As opposed to the files, there is one calibObj file per camcol. There is also a separate file for each of the primary types: “star”, “gal”, and “sky”. Each of these files contains a FITS binary table. See the calibObj description for full details.

The calibObj files can be read with any FITS binary table reader. The photoop IDL package contains code to simplify reading these files by run,camcol, and type. If the environment variable $PHOTO_SWEEP is set to the base directory holding these files, one can use the sweep_readobj function to read the data. For example, to read run=756, camcol=2, rerun=301 for galaxies, one can use the sweep_readobj function:

IDL> data=sweep_readobj(756, 2, rerun=301, type='gal')

See the software page to get photoop and other officially supported software.

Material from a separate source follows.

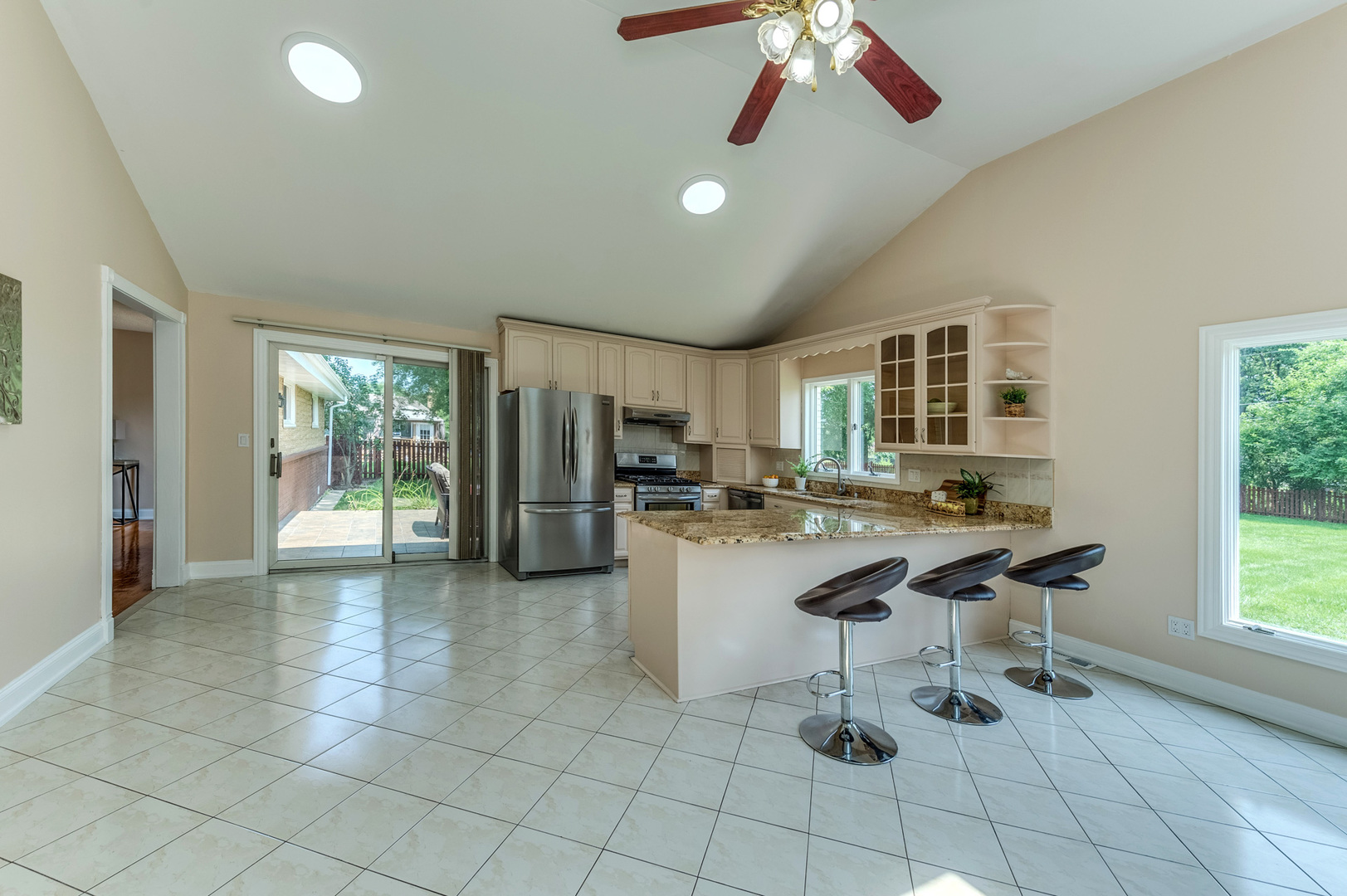 105 North Wolf Road Prospect Heights, IL 60070 - Photo 13 of 26 a kitchen with stainless steel appliances kitchen island granite countertop a refrigerator a stove a microwave oven with white cabinets and couches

Further cuts should be made on these data before using them for science. Most users will only want the objects. See the resolve documentation for how to select primary objects. Of the primary objects, most users will want to remove saturated and other problematic detections. See the object flags for a full description of the diagnostic flags.

Field and run metadata

For each run, and each field within each run, we provide metadata with information on the location of each run, the observing conditions, quality flags, and other relevant information. This are stored in the CAS as the Run and Field tables, and in the flat files as the photoField and photoRun files.

The following information is included for each field:

  1. image quality flags
  2. flux calibration information
  3. point-spread function quantities
  4. sky measurement quantities
  5. astrometric calibrations

The following information is included for each run:

  1. date of observation
  2. stripe and strip designation
  3. starting and ending field numbers

Uncalibrated files: fpAtlas, fpObjc, and others

Our release also contains all of the processed, but uncalibrated files for reference, in a directory referred to as PHOTO_REDUX (click here to browse the actual files). For example, corresponding to each photoObj file there is an uncalibrated set of data in an fpObjc file. Included in the same directory are other intermediate outputs of the pipeline, explained by the data model.

Most of these files are not for general consumption, but the directories do contain the fpAtlas files, which contain the individual atlas images for each object. See the images page for instructions on how to read these files.

Inside the PHOTO_REDUX directory for DR8 we also include the reductions of the Apache Wheel scans in the rerun 157 directories, described in the page on calibration. These scans are fast binned scans that are lower signal-to-noise and lower resolution than standard SDSS camera imaging. These reductions are essential to the survey calibration, and we include them here for that reason. However, we do not recommend their general use.